なるほどなぁ、と感心する定義で現状を明確に伝えてくれる。自由、平等、宗教、神、戦争、テロ、ナショナリズム、移民、文明、正義、教育などについて。

アフリカで、猛獣に怯えていた、ただの哺乳類の1種である人類。そのホモサピエンスが、偶然にも、想像力や物語を作るチカラ、虚構で仲間を束ねるチカラなどの認知革命、ならびに小麦やお米、家畜(の奴隷となり)を育てることで定住をはたし、人口増に繋がった(病気も増えたけど)農業革命、などなどを経て、世界中に拡散し、動植物を駆逐・絶滅させ、環境を破壊し、科学のチカラで不死をも視野に入れ、もはや神をも凌駕する地位に至った、と人類の歴史を見返し整理。

そんな現代の人類(ホモサピエンス)を取り巻く状況を独自の視点で解説している。

AI、テクノロジーへの言及も随所にあり、怖くなる。

そして、4ページほどを費やし、年を取るごとに現実味を帯びてきている、として「すばらしい新世界」(オルダス・ハクスリー著、1932年の作品。ディストピア・SFの金字塔と言われているらしい)を紹介している。

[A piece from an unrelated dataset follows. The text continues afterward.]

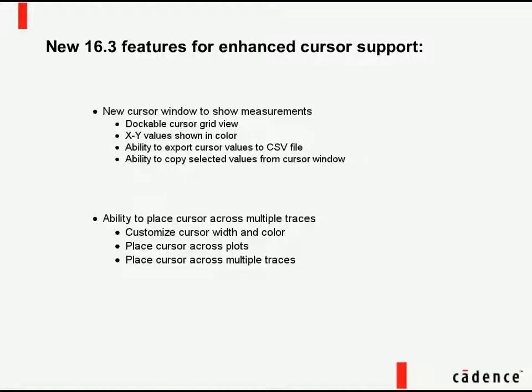The Cadence ORCAD 16.3 release brings a number of enhancements to Cadence PSPICE technology. One of these enhancements is our expanded cursor capabilities.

今のような人間らしさが失われ、ただ、失われたことさえヒトは気づかずに幸せに生きる。あらゆることがコントロールされた世界。人間は生化学的アルゴリズムだから、科学がこのアルゴリズムをハッキングし、テクノロジーを使って操作する、そんな世界。みんなが満足、幸せ、異論反論批判抵抗なんてしない。不要だもの。

だから何も起きないのだが、偶然の偶然が重なって何らかの不愉快が起きたら、支給されるソーマなる薬を飲めば、無上の幸福・快感を即座に感じ、万事問題無し。

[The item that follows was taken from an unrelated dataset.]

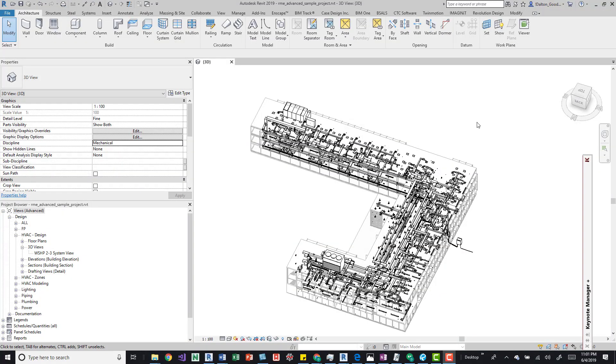Hey guys, I wanted to talk about editing a linked model and how you would go about doing that. So we're going to do it in this MEP model.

こんな世界が嫌なんて誰も思わない。気づない。だって幸せなんだもの。幸せしか感じないんだもの。

高校時代に読んで気持ち悪くなった記憶がある。ユヴァル・ノア・ハラリ著者は、上述の通り、そんな世界が近づいている、という。それに納得してしまい、またまた怖くなる。本棚で「すばらしい新世界」を探し、取り出すも、読む気はしない。

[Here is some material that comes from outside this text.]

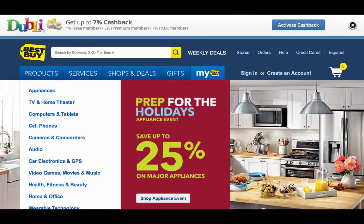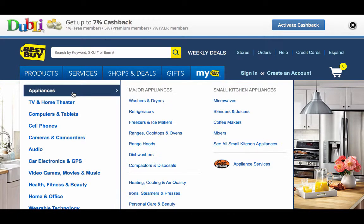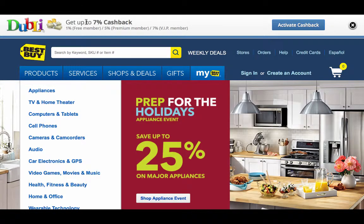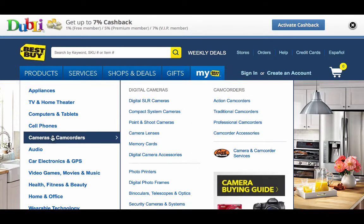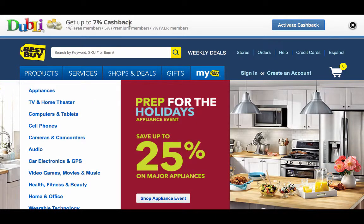So I went directly to bestbuy.com and right here in this toolbar — because I have uploaded it and activated it — look at what happens. I go to bestbuy.com and I forgot to check with doobly, so I don't have to go to the doobly site directly. I go exactly to where I usually shop and here it is. It says get up to 7% cash back because I'm a VIP member.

が、この「21 Lessons」で引用されていた「すばらしい新世界」の文章で、こんな素敵な表現があった。

知らず知らずに幸せにさせられている人々を統制する人物(ムスタファ・モンド世界統制官)と、偶然にもその統制の外にいた一人の男(野人のジョン)の対話。その中で、何もかもが統制され、薬に頼り、もはや幸せだけしか感じない人生に対し、拒絶を表明するジョンの言葉。

苦難は必要です」(シェークスピアを引用しながら)
危険な生き方をすることに、何か意義があるのではないでしょうか。」
「私は不都合なことが好きなのです。」
「私は不幸せになる権利を主張します。」
「歳を取り、醜く無能になる権利は言うまでもなく、~、明日何が起こるか絶えず不安に思いながら生きる権利、~、ありとあらゆる種類の言語に絶する苦痛の責めで苛まれる権利を」

そして、この作品(「すばらしい新世界」)が怖いのは、こういう幸せにさせられる世界が出来上がった場合に、それに反する野人ジョンのような人は出て来ないはず、と主張していること。

知らず知らずに統制され、何かあっても薬を飲めば、”はあー幸せだぁ!”と思えるなら、どうして、現状に反対するのか。

そんな思いもよらないし、苦難、危険、不都合、不幸せ、不安、苦痛をあえて求め、それと共に生きるなんて精神力の強いひとなどいるのか。いないはずだ。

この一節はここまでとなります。